Navigating Life with My Rainbow Baby

By Neelam Heera-Shergill

When I wrote “8 Things I Learned Since My Miscarriage” for Cysters, I was still deep in grief, learning how to exist in a world that had carried on while mine had stood still. I spoke about the silence around miscarriage, the loneliness, the way my body felt like it had betrayed me. I spoke about the heartbreak of being told I was ‘too much’ in my grief, about friendships that didn’t survive, and about the ways miscarriage changed me forever.
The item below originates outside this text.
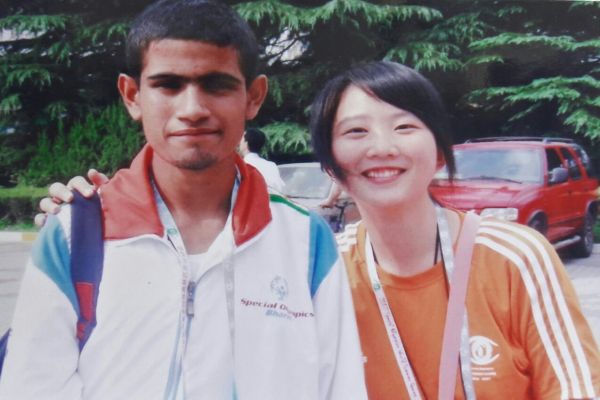 The gold medal winner is running a struggle for charity | सुवर्णपदक विजेता धावपटू करतोय चरितार्थासाठी संघर्ष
And then, I had Daya—my rainbow baby.

A rainbow baby is the light after the storm, the child who comes after loss. But what no one really prepares you for is that the storm doesn’t just vanish. The fear, the grief, the ‘what ifs’—they don’t disappear the moment you see those two pink lines. Instead, they intertwine with the joy, making every moment feel both miraculous and terrifying.

The Fear That Lingers

Pregnancy after loss is nothing like the first time. There’s no naive excitement, no assumption that everything will be okay. Instead, there’s anxiety at every scan, panic at every twinge. There were moments I held my breath, waiting for something to go wrong, because how could I trust my body after what happened before?
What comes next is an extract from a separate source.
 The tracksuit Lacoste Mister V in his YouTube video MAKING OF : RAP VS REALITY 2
Even after Daya arrived, the fear didn’t just go away. I would watch her chest rise and fall, terrified of what might happen if I closed my eyes for too long. The loss before her made me hyper-aware of how fragile life is. It made me question if I deserved this happiness, if at any moment, it would be taken from me again.

The Grief That Stays

No one tells you that joy and grief can sit side by side. That you can hold your baby in your arms and still mourn the one who never got to be. Daya is not a ‘replacement’—she is her own, beautiful, fierce little person. But there will always be a part of me that wonders who that first baby might have been. Would they have had my nose? My stubbornness? Would they have been as cheeky as Daya is now?

Grief doesn’t go away, but it does change. It softens, it shifts. Some days, it catches me off guard—a date, a song, a smell that reminds me of the time before. But now, instead of drowning in it, I let it sit with me, knowing that my love for both of them exists in the same space.

The Joy That Feels Different

Daya’s first smile. The way she curls into me when she sleeps. The tiny fingers wrapped around mine. These moments aren’t just joyful—they feel sacred. Because I know what it’s like to have longed for them, to have imagined them in a world where they didn’t yet exist.

Motherhood after loss is gratitude in its purest form. It’s knowing the depth of pain, which makes the happiness even more profound. It’s the understanding that nothing is promised, so every cuddle, every milestone, every laugh feels like a victory.

The Wishes, The Dreams

I wish I could tell past-me—the one sobbing in the shower, the one feeling broken and alone—that one day, she would hold her baby in her arms. I wish I could tell her that she wasn’t ‘too much,’ that her grief was real, valid, and deserving of space.

I dream of a world where we speak about loss openly, where women don’t have to suffer in silence, where miscarriage isn’t whispered about as if it’s shameful. I dream of Daya growing up knowing that her mama fought for these conversations, that she was born into a legacy of breaking taboos and demanding better.

Then and Now

Then, I was lost in grief. Now, I am learning to hold both love and loss in the same breath.

Then, I felt like my body had failed me. Now, I see it as something powerful, something that carried life, even when it also carried loss.

Then, I thought I would never feel whole again. Now, I know that ‘whole’ looks different—it includes the baby I lost, the one I hold, and the version of me that emerged through it all.

For anyone reading this who is still in the ‘then’—I see you. Your pain is real. Your love is real. And whether your rainbow baby is here, on the way, or still a dream, know this: you are still a mother. You are still enough. And you are not alone.